God’s word states paradoxically, “The reward for humility and fear of the Lᴏʀᴅ is riches and honor and life” (Proverbs 22:4). Scripture promises, “Humble yourselves before the Lord, and he will exalt you” (James 4:10). Solomon noted, “Humility comes before honor” (Proverbs 15:33).
The more we seek public recognition, the less God will lead us to experience it. The more we seek to honor our Lord and glorify our Savior in all we do, the more God can trust us with public ministry that will lead even more people to him.
How to “build a tall house of virtues”
Tim Keller is just one of many “celebrity pastors” in our day of global journalism and social media exposure. You could name many others. But I’m sure Rev. Keller would agree that celebrity is not enough.
As the moral decline of our culture illustrates, we need fewer personalities and more servants. Being famous is no substitute for being faithful. As we noted yesterday, we cannot save a single soul or change a single life. Only the Spirit can accomplish spiritual transformation.
So, let’s take a moment to ask ourselves why we do what we do for God. Why did I write this Daily Article? If you attended worship last Sunday, or taught a Bible study, or led worship, or preached a sermon, why did you do so? Think of your last act of service as a Christian—why did you do what you did?

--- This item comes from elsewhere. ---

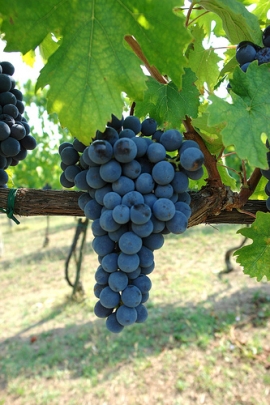 Sagra Sangiovese Predappio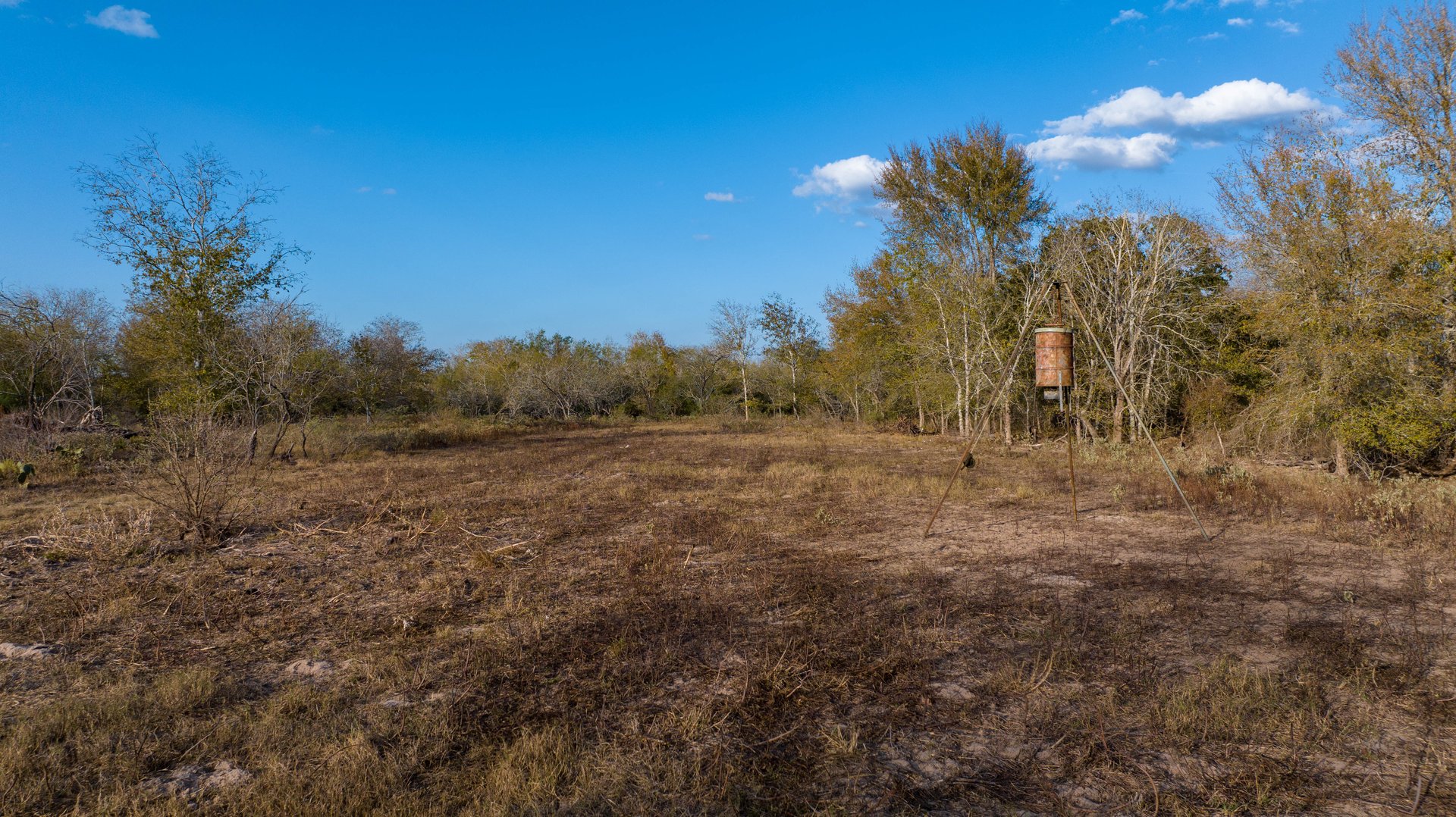 Gonzales County | 104+/- Acres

If we do not seek intentionally to honor Jesus in all we do, we will honor ourselves instead. Our default position as fallen people is to be on the throne of our own hearts, seeking our own glory. The “will to power” (Nietzsche) that began in Genesis 3 continues to tempt us today. But if we ask the Spirit to help us know our motives and seek to glorify God in everything we do, he will answer our prayer.
St. Augustine noted, “If you plan to build a tall house of virtues, you must first lay deep foundations of humility.”
How deep are your foundations today?